We note some other things about REST:

  1. The uniform interface constraint implies that the API routing (API Gateway on AWS) mappings (dictionary of URL’s to the HTTP functions) should following some prescribed mapping
  2. All the HTTP functions (except post) should by idempotent (i.e. no adverse side effect on the system despite repeated calls)
  3. Only three functions can change the system: put, post, and delete.
  4. When modifying the system: Post should be used when the server will decide the new resourses identifier. And put should be used when the client determines the resources identifier. And by identifer, we mean not just the GUID but the entire path (i.e. URI i.e. Uniform Resource Identifier).
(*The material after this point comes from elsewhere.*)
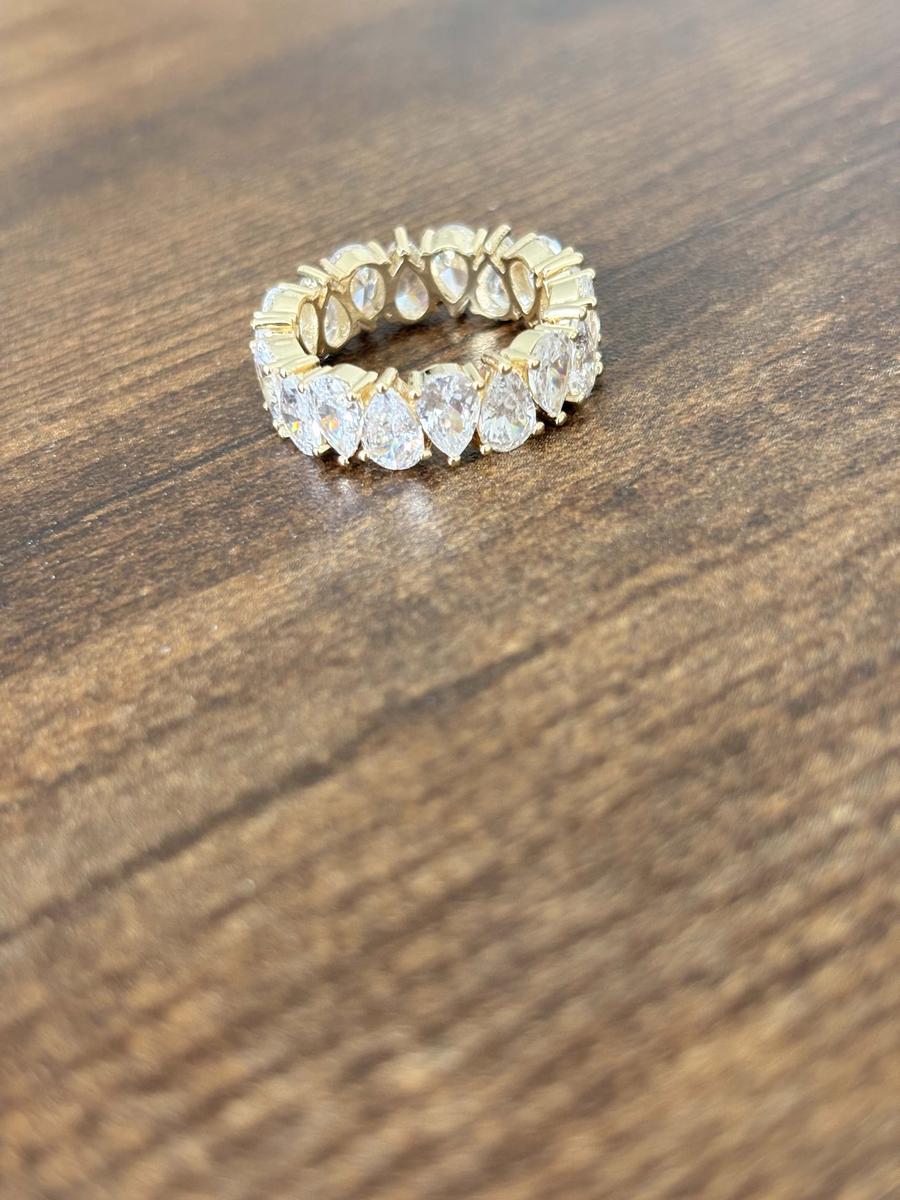 Item: Yellow Gold, 7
  5. Review the HTTP status codes; they are important to how RESTful services work.

Summary

  • The Internet started as ARPANET in the 1960s with the goal of a decentralized computer network.
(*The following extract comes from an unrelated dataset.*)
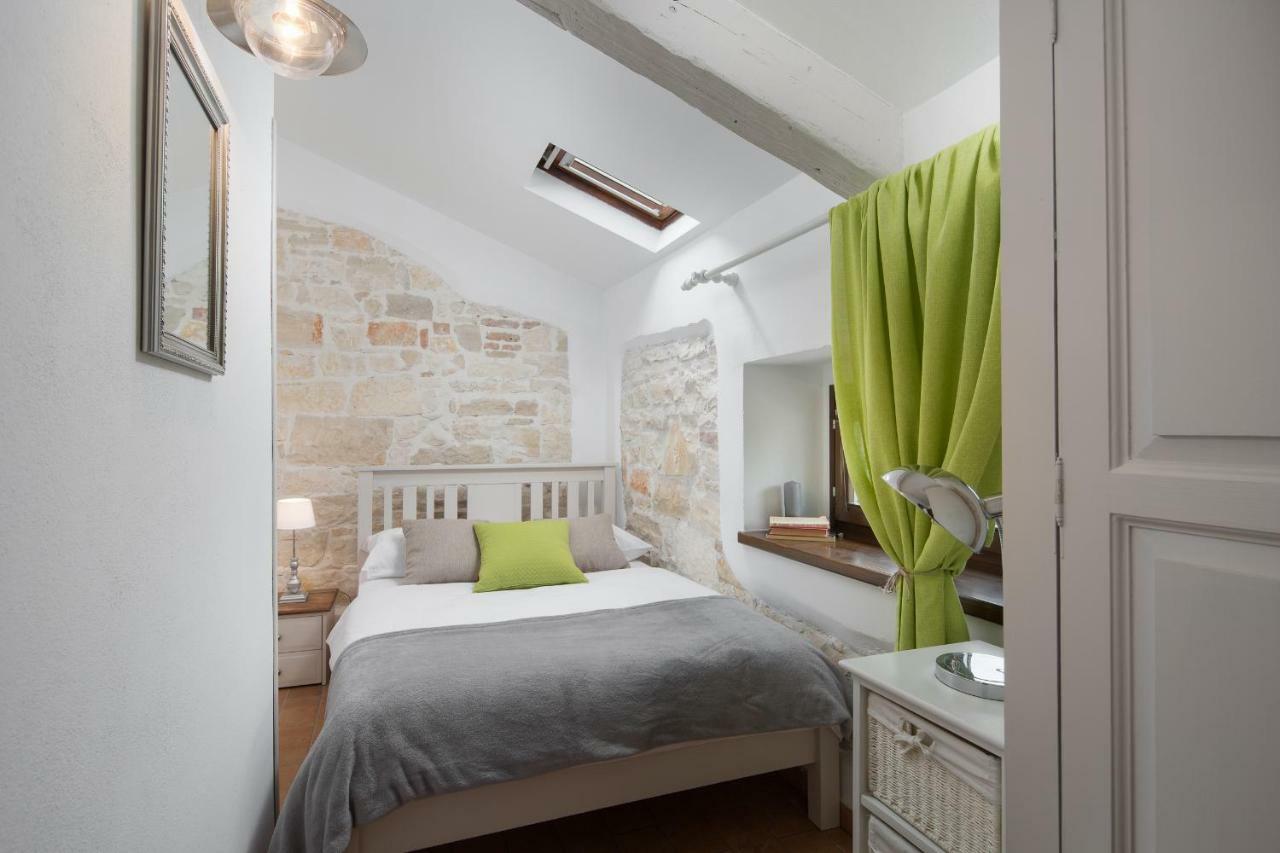 Apartments Bonaparte Poreč Buitenkant foto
  • Physically, the Internet is a collection of computers moving bits to each other over wires, cables, and radio signals.
  • Like many complex engineering projects, the Internet is broken up into various layers, each concerned with solving only a smaller problem. These layers connect to each other in well-defined interfaces.
  • There are many protocols that define how the Internet and its applications should work at the different layers: HTTP, IMAP, SSH, TCP, UDP, IP, etc. In this sense, the Internet is as much a collection of rules for how computers and programs should behave as it is a physical network of computers.
  • With the growth of the Internet, advent of WIFI, and e-commerce needs, SSL/TLS was developed to address security concerns.